Gender differences in professional drivers’ fatigue level measured with BAlert mobile app: A psychophysiological, time efficient, accessible, and innovative approach to fatigue management

Ricardo De La Vega 1,*, Hector Anabalon 2, Kyran Tannion 1, Helena Purto 3, Cristian Jara D 2
PMCID: PMC9376464  PMID: 35978790

Abstract

Addressing fatigue is useful in a variety of scenarios and activities. Fatigue has recently been studied from a psychophysiological standpoint. As a result, the expression and impact of peripheral and central fatigue has been evaluated. Driving is one occupation where tiredness has disastrous consequences. BAlert is a smartphone app that approaches exhaustion with psychophysiological measures. More specifically, it evaluates the level of fatigue via heart rate variability (HRV) data and the cognitive compromise via Stroop effect. The goal of this study is to determine if there are gender differences in fatigue levels among professional drivers using the BAlert app. Statistically significant differences were found in the number of hours awake, in different parameters of HRV (AVNN, PNN50, RMSSD, and SDNN), in the level of stress, as well as in the cognitive response evaluated through the app. The results are discussed and their implications for the management of work fatigue are presented.
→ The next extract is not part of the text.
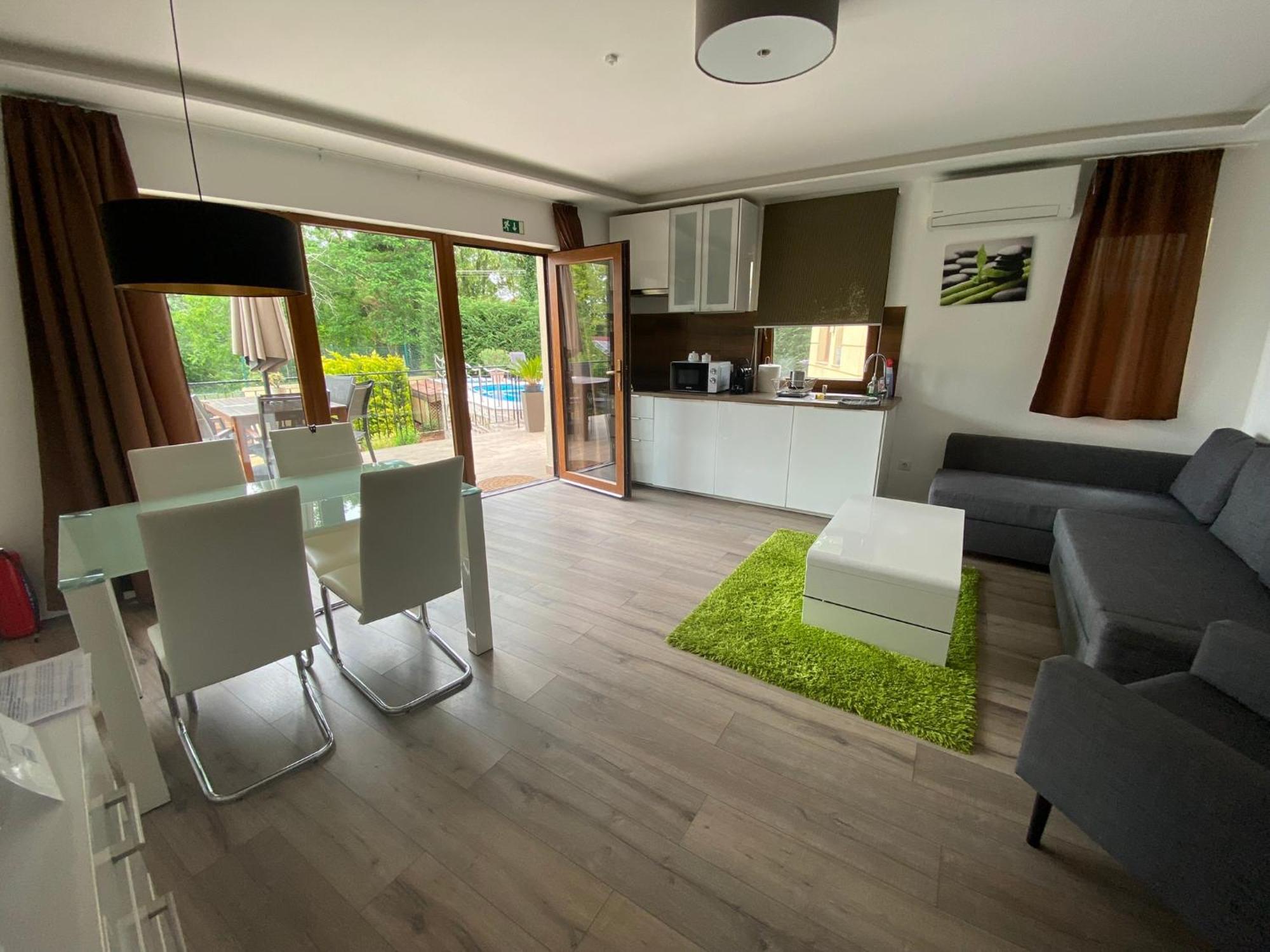 Terrasun Apartments Balatonszarszo Bagian luar foto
Keywords: app, heart rate variability, mental fatigue, Stroop effect, gender

Introduction

Understanding the psychophysiological effects of internal and external demands on the development of fatigue is essential (Holm et al., 2009; Du et al., 2020; De La Vega et al., 2021a). As fatigue has become increasingly relevant in a variety of contexts, it has gained attention in recent years (Brown, 1994; Enoka and Duchateau, 2016). Fatigue as an outcome depends on an individual’s tolerance level and ability to adapt. In other words, it is a result of a load that surpasses the skills and coping strategies of the person facing that demand (DeLongis et al., 1988; Folkman and Lazarus, 1988). Explanation of fatigue due to external loads requires both central and peripheral factors to be considered (Davis, 1999; Meeusen et al., 2006; Amann, 2011; Zaja̧c et al., 2015). Central and peripheral factors are task-dependent. Fatigue in the central nervous system may be linked to task failures, while peripheral fatigue may appear early when external load demands are high (Decorte et al., 2012; Thomas et al., 2015). It is noteworthy that external demands that are of significant intensity can lead to a high level of respiratory muscle work, which in turn causes peripheral fatigue of locomotor muscles (Romer et al., 2006). Furthermore, internal demands may also lead to significant changes in respiratory function (Grassmann et al., 2016). Even more importantly, psychophysiological responses that follow an external demand can be obtained at a similar level when an individual is subjected to an internal demand (i.e., imagery) of equivalent intensity (Wang and Morgan, 1992). Due to the lack of economic, attainable, effective and direct measures, the central fatigue assessment has been overlooked when it comes to the mental component. On the other hand, physical fatigue assessment procedures have been developed successfully (Mehta and Parasuraman, 2014; Monteiro et al., 2019; Dotan et al., 2021; Díaz-García et al., 2021).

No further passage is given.